Abolishment of the annual fee (€350)

We would like to inform you that on 21 February 2024, the President of the Republic of Cyprus announced the decision of the Council of Ministers to abolish the annual fee of €350, which has been a mandatory requirement for all companies registered with the Department of Registrar of Companies and Intellectual Property of Cyprus since 2011.
This decision is part of broader economic measures aimed at bolstering businesses on the island and will take effect starting from this year.

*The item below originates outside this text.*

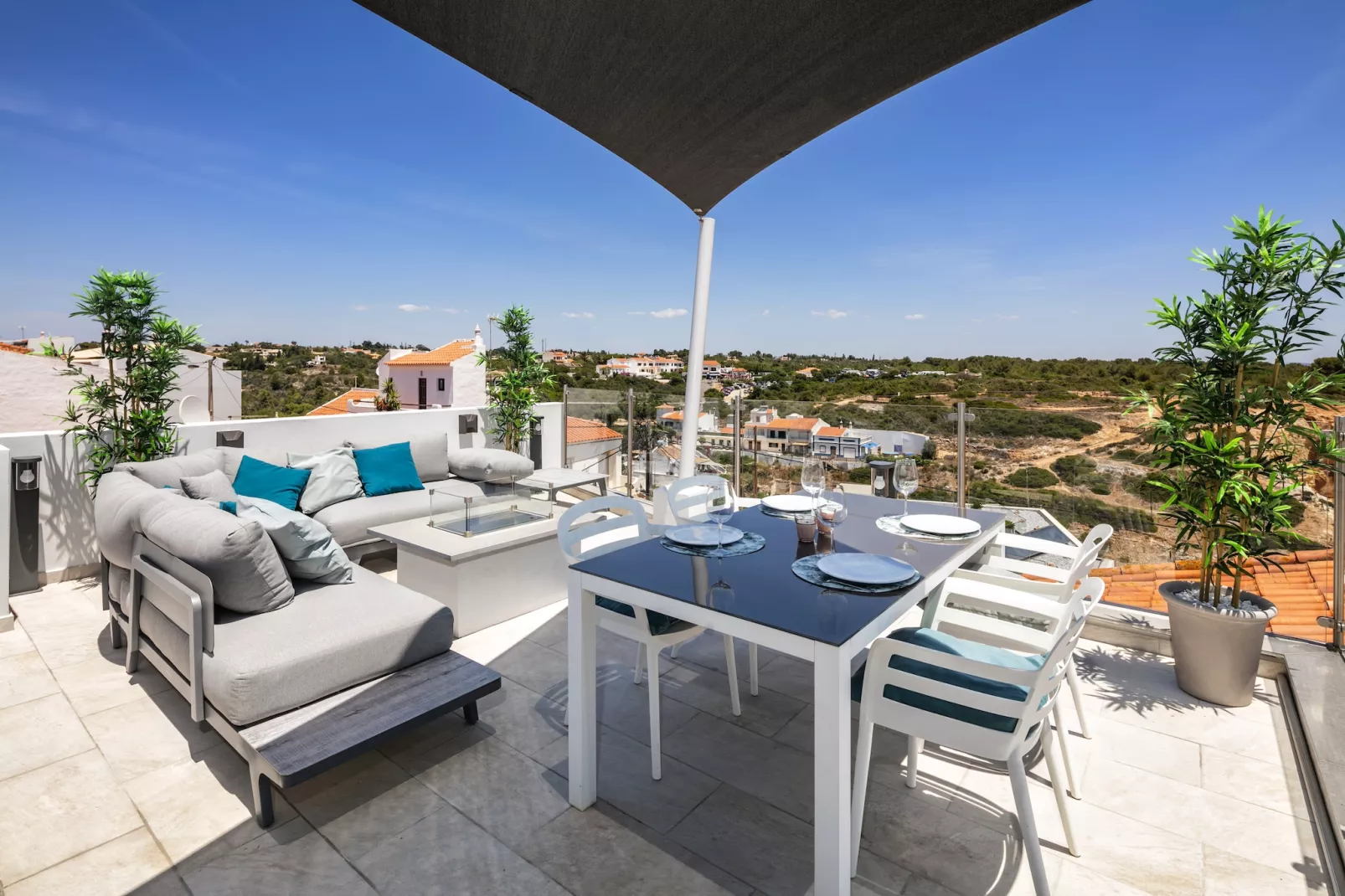 Casa Milhafre - Apartment overlooking Benagil Beac-Terras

Cyprus adopts defensive tax measures against EU-blacklisted jurisdictions

In summary

On 21 December 2021, amendments to the Income Tax Law and Special Defence Contribution Law were published in the Cyprus Government Gazette (“Law amendments”) for the introduction of legislative defensive tax measures that will apply in Cyprus in relation to jurisdictions included on the EU list of non-cooperative jurisdictions for tax purposes (commonly referred to as “EU blacklisted jurisdictions”).

In accordance with the Law amendments, Cyprus will apply withholding tax (WHT) on certain outbound payments of dividends, interest and royalties, if the recipient is a company in an EU blacklisted jurisdiction, as follows:

> Dividends at the rate of 17%

> Interest at the rate of 30%

> Royalties at the rate of 10%

The Law amendment entered into force on 31 December 2022.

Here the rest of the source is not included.